I came across the word again and again while researching stones and stone circles. I have heard the word used to describe sandplay therapy. The mystery of stone circles and archetypal monolithic structures and the mystery of sandplay and archetypal images; both engaging and arousing curiosity.
The most famous stone circle and the one I find most engaging is Stonehenge on the Salisbury Plain in England. The site has been built and rebuilt over time and now consists of a bluestone horseshoe with an opening at the northeast, surrounded by a circle of five independent bluestone trilithons, with three lintels intact. The larger stones act as markers of the moon and sun as they cross the horizon. A larger connected ring of stones consists of 60 megaliths and lintels; now only 32 stones are intact. The perimeter consists of a circular ditch with 56 shallow pits, two opposing mounds, and solar and lunar stones, planned around a symmetrical axis that points toward the direction of the summer sunrise.

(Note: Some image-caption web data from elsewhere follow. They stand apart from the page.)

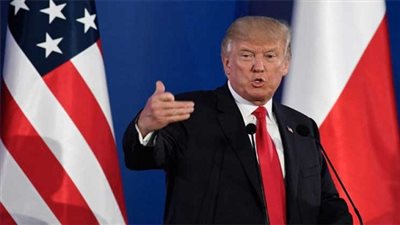 ترامب: الملك سلمان وافق على طلبي من السعودية بزيادة إنتاج النفط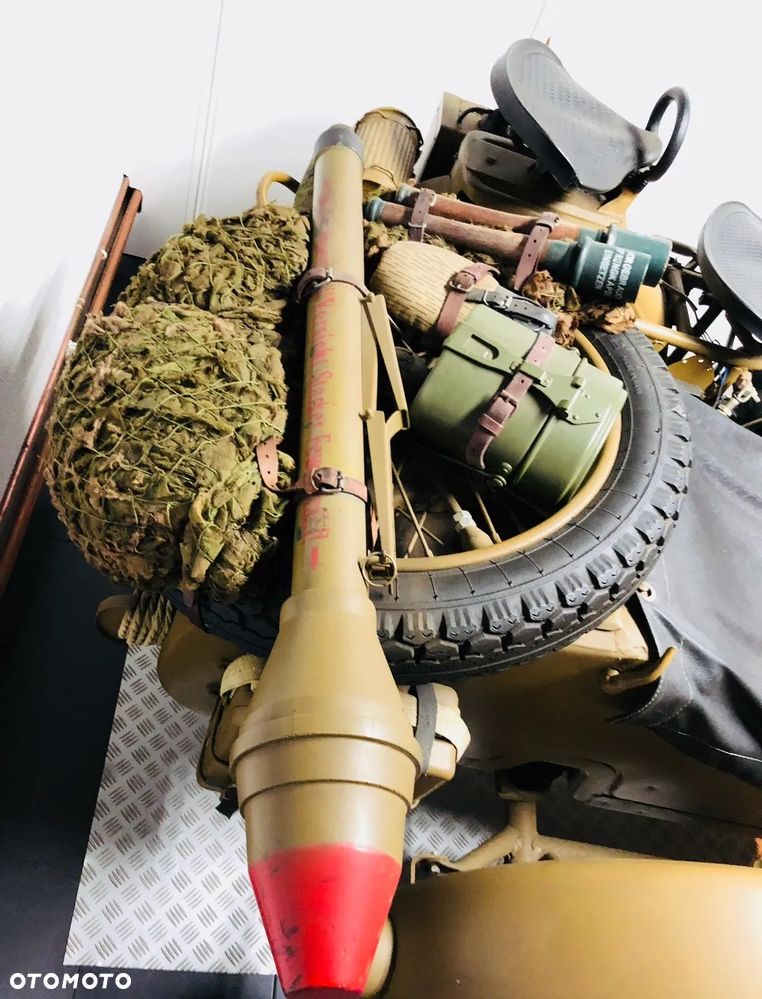 Ural M-67 - 4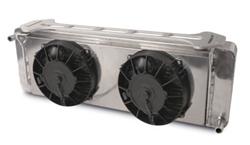 AFCO Racing Heat Exchangers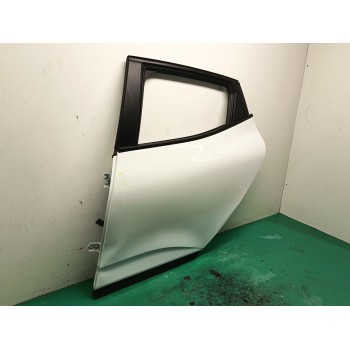 Recambio de puerta trasera izquierda para renault clio v (b7_) 1.5 blue dci 100 (b7ad) referencia OEM IAM 822170449R  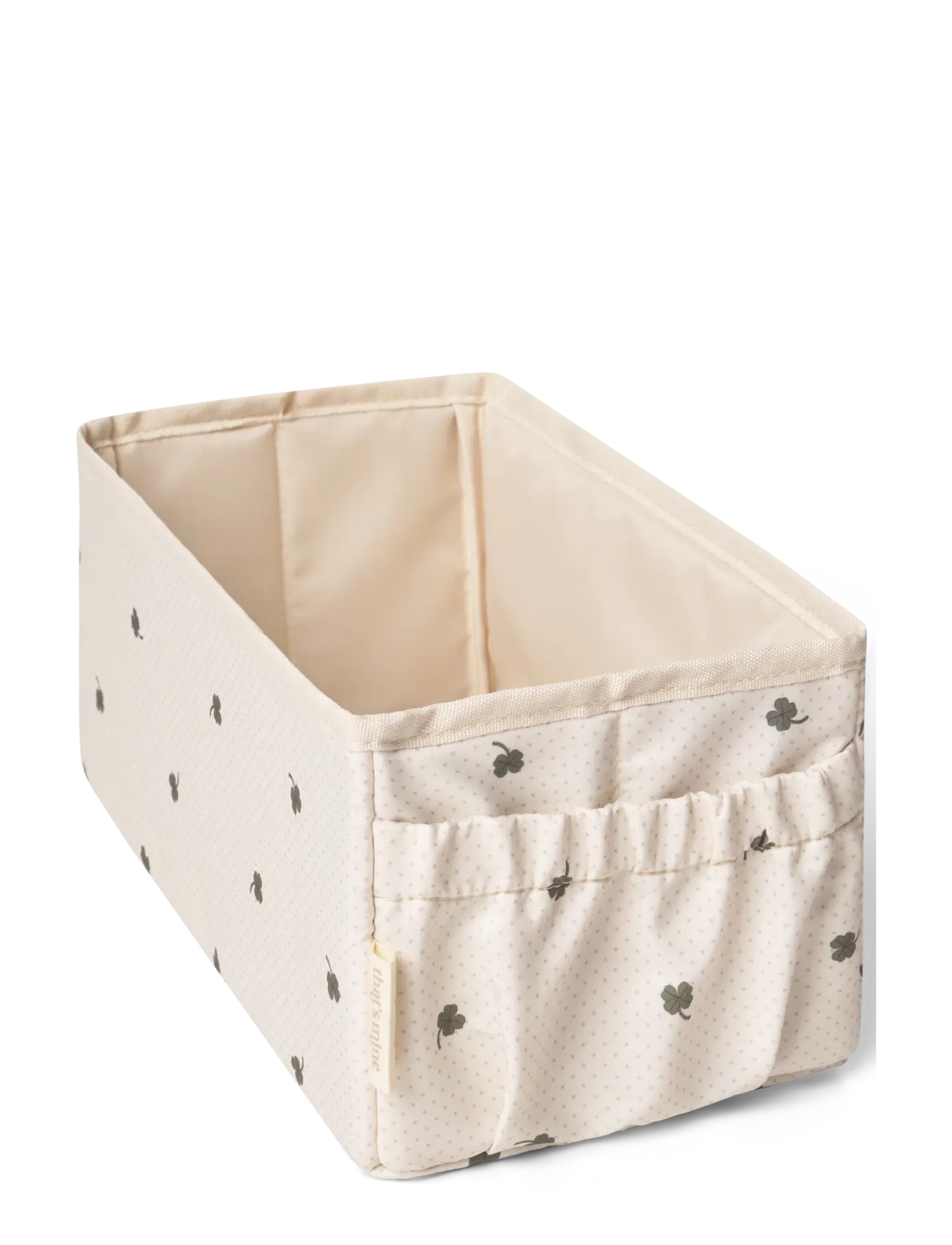 That's Mine Lucy nursing organizer - Beebi voodid ja tarvikud - SPECKS OF LUCK / cream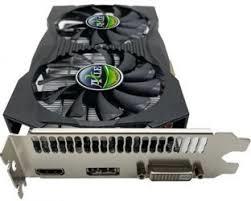 AXLE GeForce GTX1050Ti PCI-E 4G DDR5 128bit  Ekran Kartı.AXLEDiğer Ürünler100.25.20.0333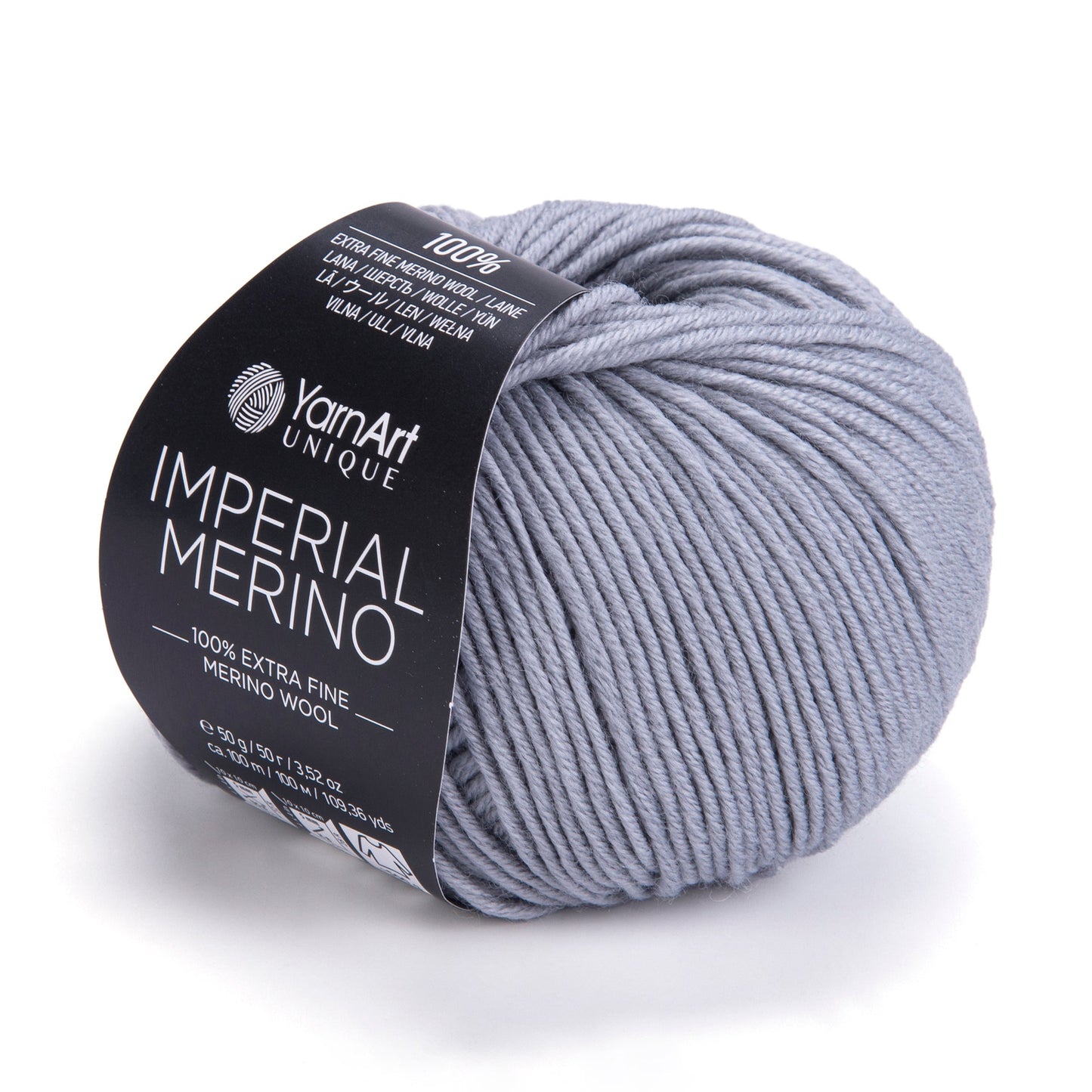 YarnArt Imperial Merino 3337 yarn by YarnPark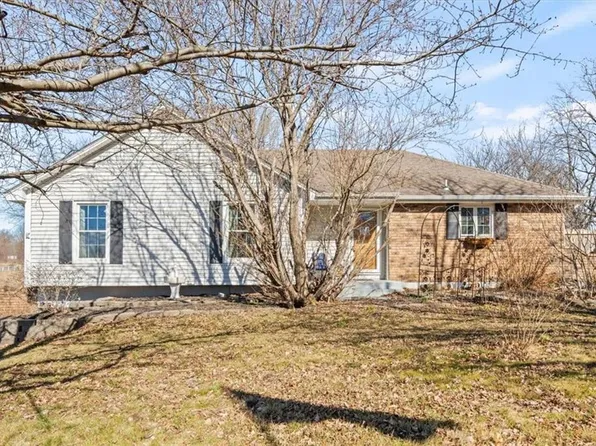 35808 E Pink Hill Rd #64075, Oak Grove, MO 64075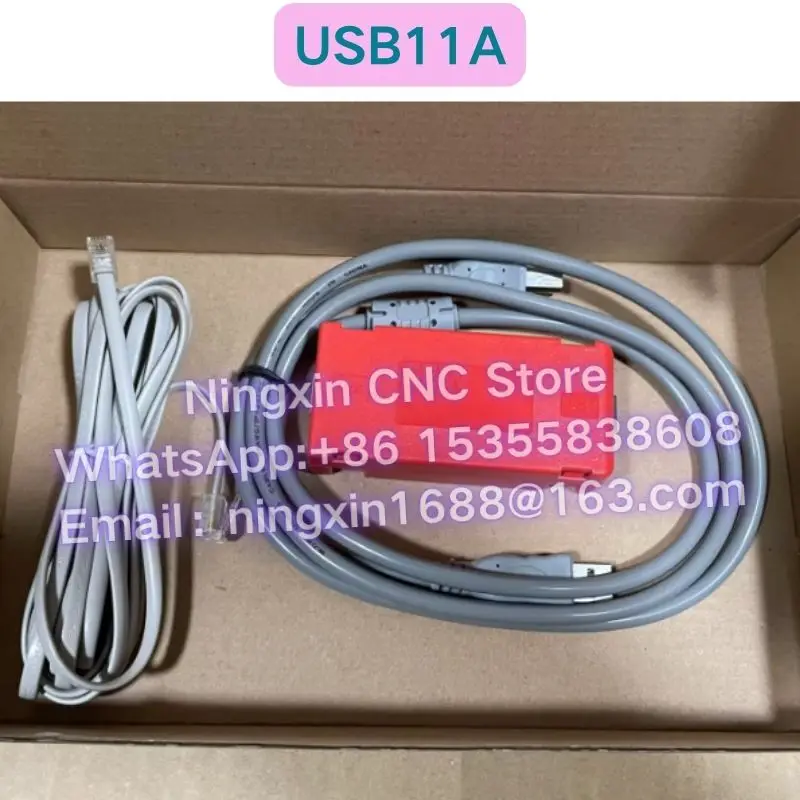 Brand New Original USB11A 08248311 Inverter communication adapter Fast delivery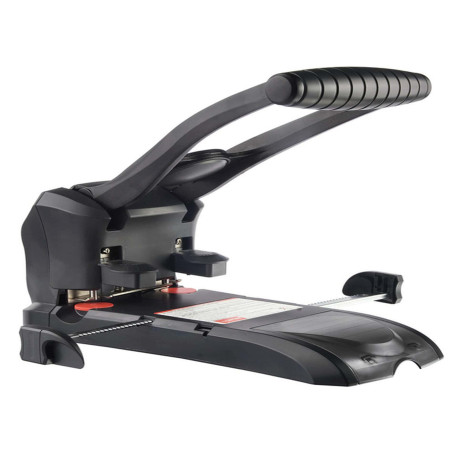 Perforatore Kangaro - 2 fori - alti spessori - Iternet
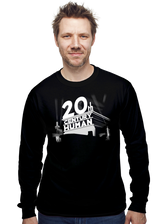 ShirtPunch 20th Century Human, view 5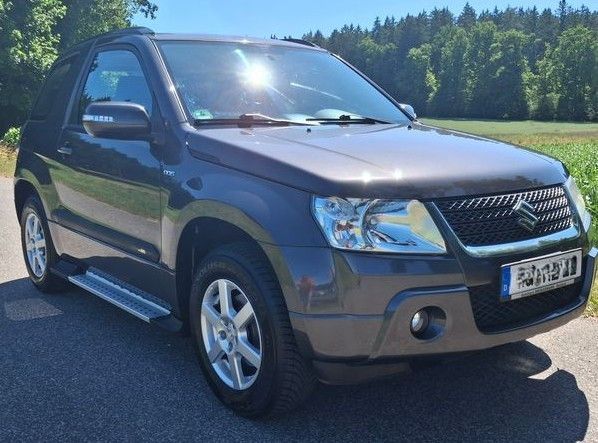 Grand Vitara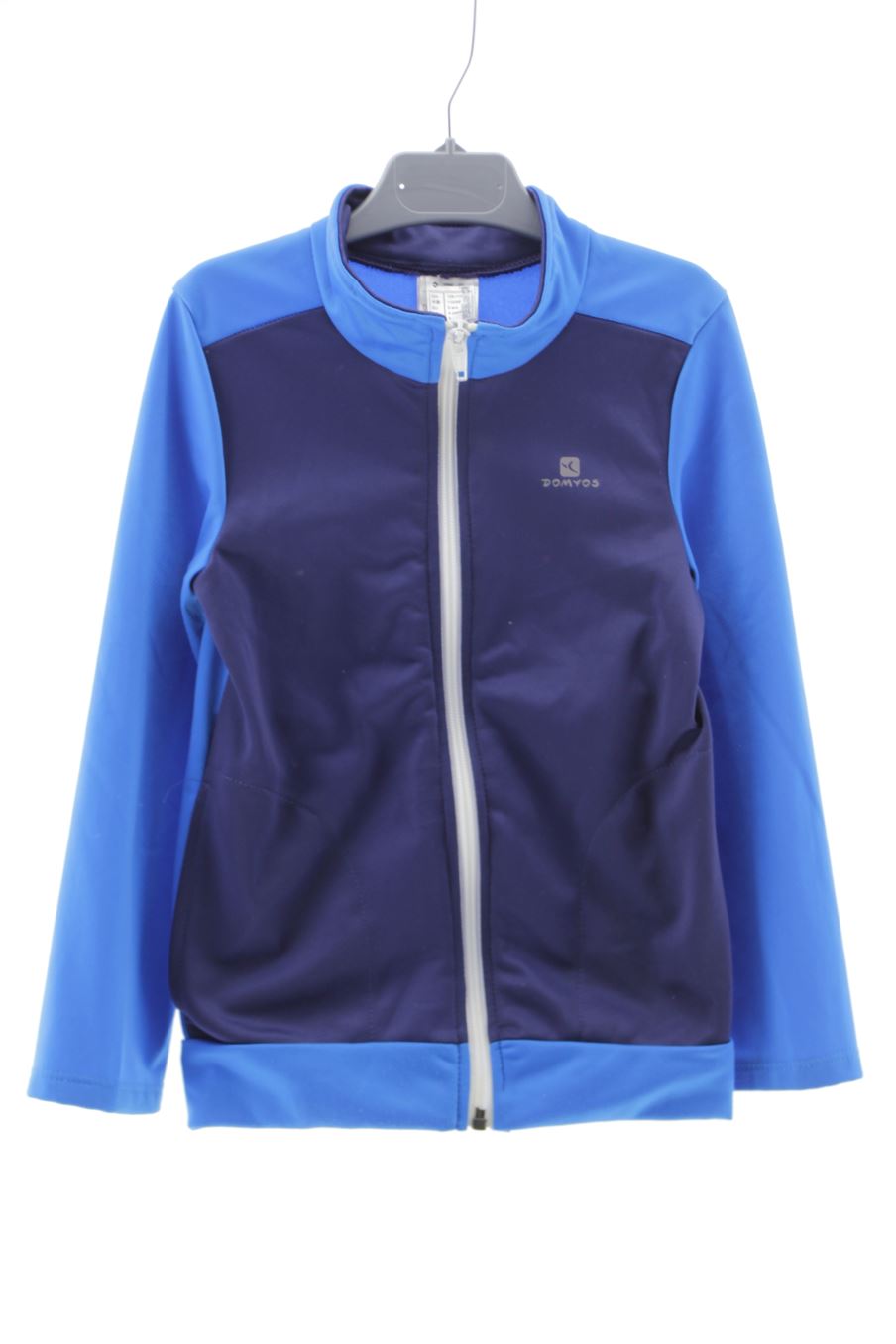 Sweatshirt Domyos (DECATHLON) de la taille 5 ans de seconde main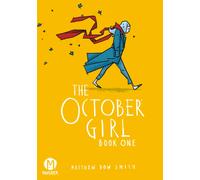 The October Girl Book One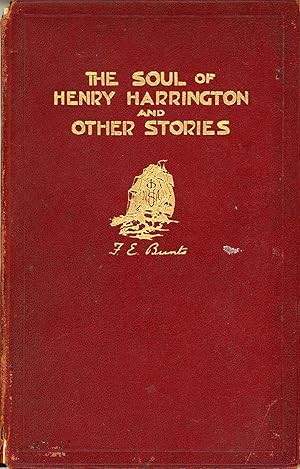 THE SOUL OF HENRY HARRINGTON AND OTHER STORIES .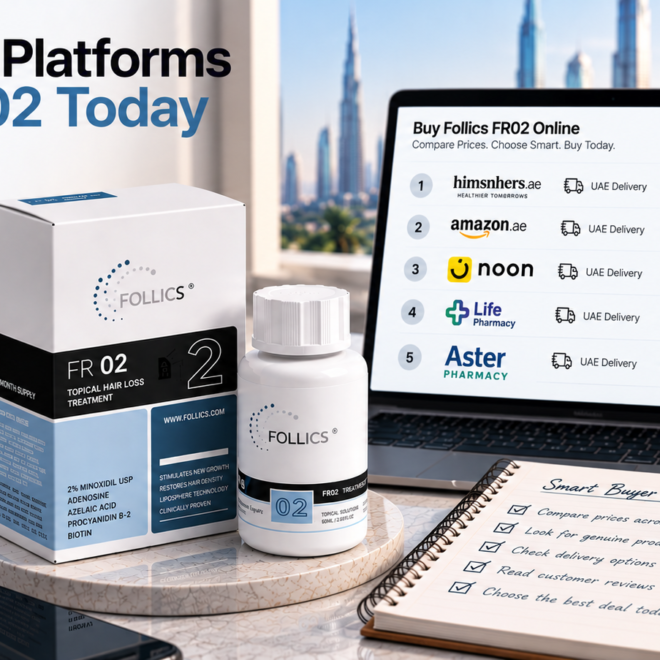 Top Online Platforms to Buy FR02 Today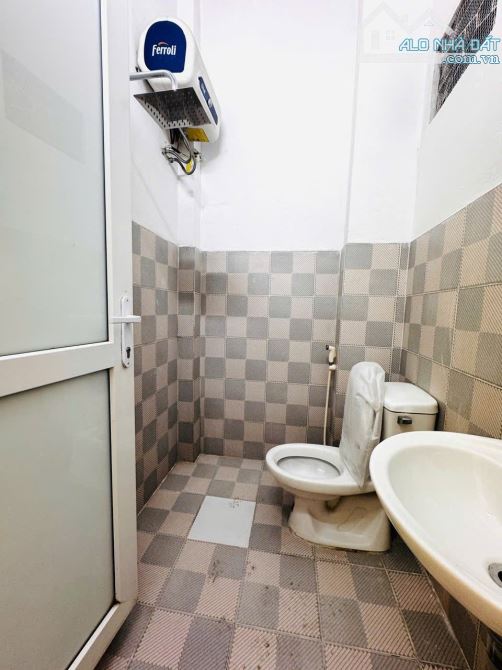 Bán nhà 2 tầng K379/... Trần Cao Vân,Xuân Hà,Thanh Khê,TP Đà Nẵng 46m2 giá 4,65 tỷ - 2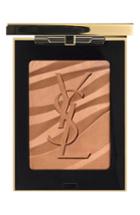 Yves Saint Laurent Solar Pop Bronzing Stones Palette -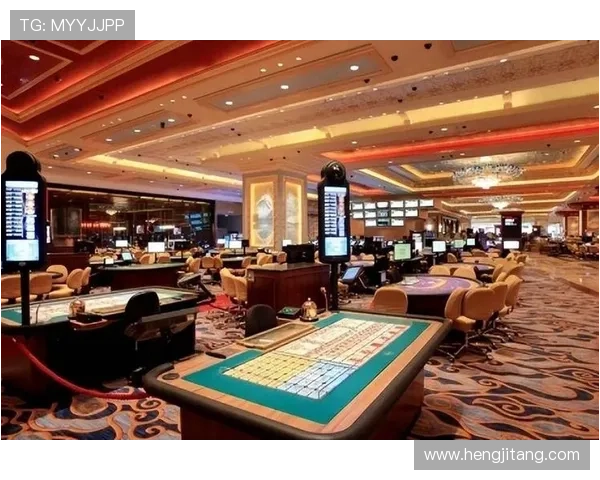 澳门一共有几家赌场，澳门赌场的分布情况和主要集中区域分析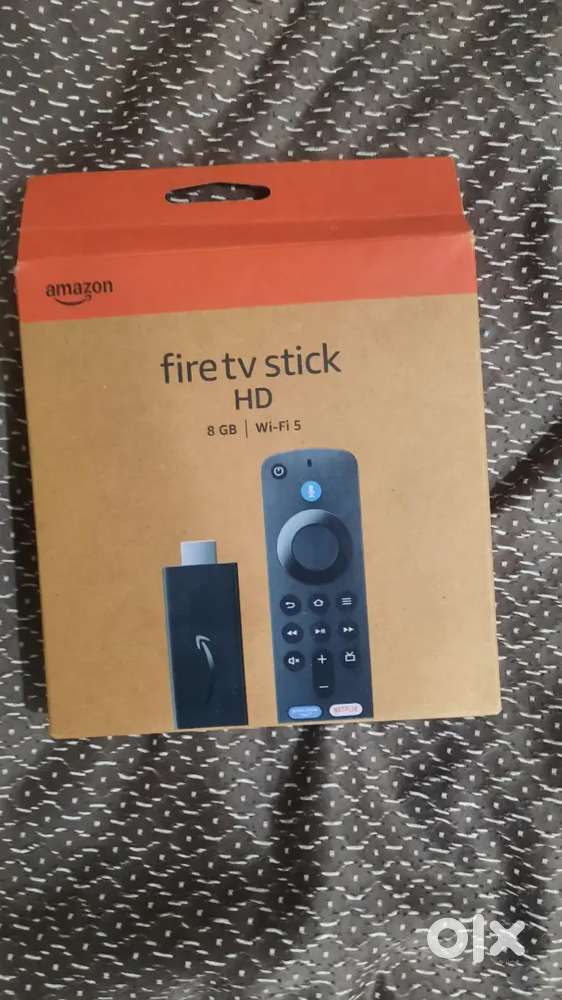 Fire stick HD 1080p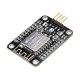 ESP-12S Serial Port to WiFi Wireless Transmissions Module YwRobot for Arduino - products that work with official Arduino boards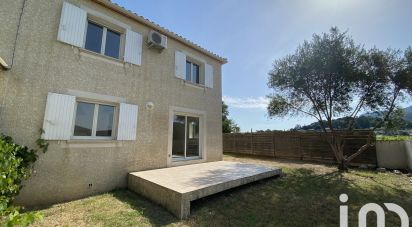 Maison traditionnelle 5 pièces de 95 m² à Laroque (34190)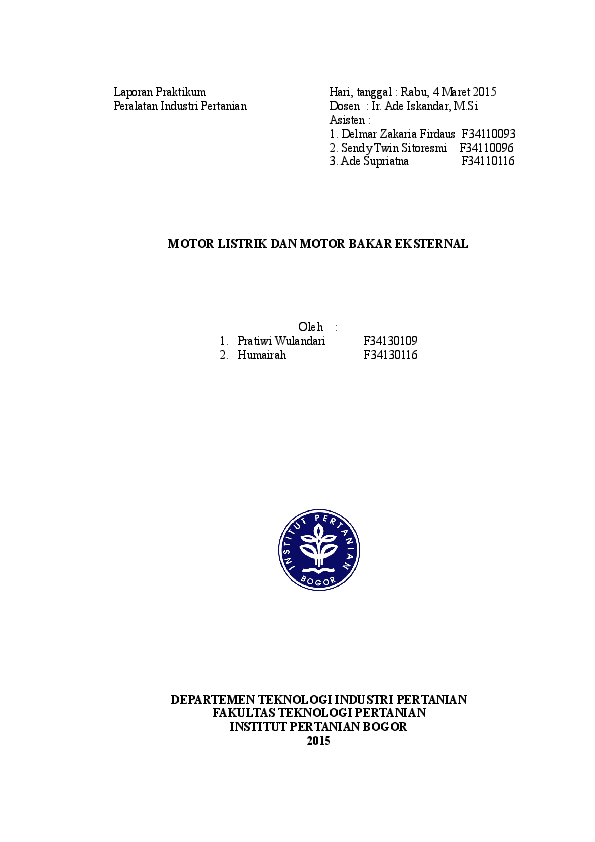 Alat Mekanik Yang Berfungsi Mengetes Adanya Fasa Listrik Adalah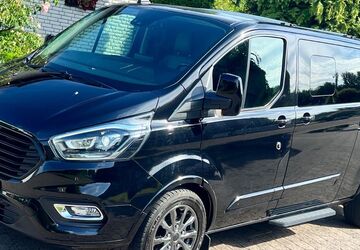 Ford Tourneo Custom 126.000 km 30.999 &euro; Niederzier-Selhausen 52382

Who built the monument and when it was built is known, but why the henge was built remains a mystery. The site is believed to have been used for religious ceremonies, funerary rituals, and astronomical purposes. Stonehenge may also have been used for rituals of regeneration during the winter solstice when the sun was at its weakest and seen as dying. Energetic ring dances were performed during seasonal and lunar ceremonies.